In the following section, the foregoing discussion is summarized in testable hypotheses. We propose that both the characteristics of the cooperative partners and the number of cooperative relationships affect growth and innovative performance of entrepreneurial high-technology companies. Hypotheses 1 and 2 examine determinants of innovative output and hypotheses 3 and 4 have firm growth as the dependent variable.
According to the resource-based view, cooperative arrangements are often a critical part of the early strategies of R&D-intensive firms; cooperation helps to organize innovation and commercialization activities when the necessary complementary resources are dispersed among firms. As discussed widely in the previous literature, entrepreneurial firms often lack the necessary capabilities, and legitimacy to conduct all the activities associated with innovation (Teece, 1986; Aldrich & Fiol, 1994). On the other hand, firms with a long industry tenure are likely to have accumulated a large stock of capabilities for innovation. Therefore, shortcomings in technical, marketing or production expertise, for example, may be better overcome by cooperation with incumbent firms than by cooperating with other newcomers. An experienced incumbent firm may also be able to overcome some of the inherent constraints of the new field through its reputation and existing complementary capabilities (see for example Sharma and Kesner, 1996). Overcoming these constraints subsequently affects the innovative output of the new start-up firm. Therefore, we hypothesize:
Hypothesis 1a. The longer the industry tenure of the R&D collaborative partner, the higher the innovative output of the start-up firm.
On the other hand, collaborative relationships with incumbents may also have negative effects. In the preceding chapter we discussed how the liabilities of age, like inertia and vested interests may actually suppress radical innovation. Consequently, in contrast with hypothesis 1a, we hypothesize that the age of the partner in technology collaborations is negatively related with the likelihood of radical innovation.
Hypothesis 1b. The longer the industry tenure of the R&D collaborative partner, the lower the portion of radical innovation of the total innovative output of the start-up firm.
Several earlier studies have also discussed how the number of collaborative partners affects performance. Powell et al. (1996) found a positive relationship between the number of ties and firm growth. Eisenhardt and Schoonhoven (1996) propose that since technologically innovative strategies demand a high level of competence and substantial resources, alliances can help the know-how and strategic resource position of the firm. On the other hand, transaction cost economics supports an alternative hypothesis. All relationships involve coordination costs, and in some circumstances, the costs of coordination are likely to overcome the benefits of collaboration.
To reconcile these two views, we hypothesize a positive relationship between the number of partners and total innovative output in general, but a negative relationship between the number of partners and radical innovative output.
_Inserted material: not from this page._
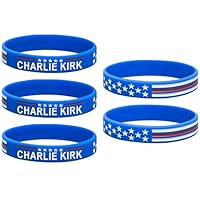 Charlie Kirk Merch Patriot Pray Bracelet Justice Shooting Assassination Freedom USA Rubber Bracelets Silicone Right Wing Revolution Bracelets for Men Women (5pcs)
It is thus assumed that negative effects of cooperation, like knowledge spillovers are likely to have a stronger effect on radical innovative output.
Hypothesis 2a. The more collaborative partners the start-up firm has, the higher its innovative output.
Hypothesis 2b. The more collaborative partners the start-up firm has, the lower the portion of radical innovative output.
These hypotheses are somewhat in contrast with Eisenhardt and Schoonhoven (1996) who claim that firms with less innovative strategies are less likely to need alliances. Their study, however, looks at antecedents of collaboration, not its outcomes.
How the characteristics of collaborative partners affect the growth of the start-up firm is not known in detail. Powell et al (1996) find support for the hypothesis that the number of startup collaborative relationships is positively associated with growth, but more detailed studies are missing from the literature.
Penrose (1959) mentions three factors that limit the growth of
the firm: uncertainty about the future, limitations of
management, and limitations of the market (resource
availability). Start-up cooperative relationships with industry
incumbents, by providing resources, industry-level expertise and
managerial know-how seem to address all these limitations (see
also Mody, 1993). If, as the resource-based view claims,
capabilities are built over time and they can be accessed through
collaboration, high-growth entrepreneurial firms are more likely
to have older R&D collaborative partners. We also propose
that the number of relationships is positively associated with
growth. As discussed earlier, industry incumbents are likely to
be better equipped to provide short-term boost for these
organizations, although their effect on longer term growth, for
example on growth through radical innovations, may be the
Hypothesis 3. The longer the industry tenure of the R&D collaborative partner, the higher the short-term growth of the start-up company.
Hypothesis 4. The higher the number of R&D collaborative partners, the higher the short-term growth of the start-up company.